So viel loderndes Feuer an Nizza- und (Süd-)Frankreichliebe, gepaart mit langen Stunden des Flanierens, die an der Cote vorbeiziehen wie im Flug, machten aber auch einen romantischen Luftikus wie mich sehr irdische Gefühle erleben: nämlich Hunger und Durst. Appetitanregend ist ja so ziemlich alles in Südfrankreich – von den saftigen Farben bishin zu den aromatischen Gerüchen. Und weil sich der Tag dann, wie ein Blick auf meine Uhr bestätigte, sich überraschenderweise doch vorsichtig in den Abend neigte, ließ ich mich von meiner Nase weg vom Cours Saleya und wieder hin zum Meer führen.

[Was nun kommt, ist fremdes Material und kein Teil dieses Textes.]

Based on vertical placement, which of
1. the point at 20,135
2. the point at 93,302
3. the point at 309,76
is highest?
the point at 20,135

Beseelt von Nizza und dem tiefblauen Meer versuchte ich mein Glück, in einer der Bars mit Meerblick ein ebensolches begehrtes Plätzchen zu erhaschen um dort meinen ersten Tag mit einem petit “Apéro” – beziehungsweise einem Gläschen Rosé und einem kleinen “diner” ausklingen zu lassen, während ich das Meer und die Menschen um mich herum beobachtete. Dazu holte ich noch mein kleines Notizbuch hervor um meine Gedanken und Eindrücke zu sortieren und niederzuschreiben – ein Luxus, den ich mir zu selten gönne – und dann verzückt den Sonnenuntergang zu beobachten – ganz in dem Wissen, genau dort zu sein, wo ich sein möchte, ohne irgendwo sein zu “müssen”. Ohne Zeitdruck, ohne Stress, ohne Termine – nur ich, Nizza, meine Gedanken und ein Gläschen “Frosé”, also Rosé mit ganz viel crushed Ice. Klingt kitschig-romantisch? War es auch.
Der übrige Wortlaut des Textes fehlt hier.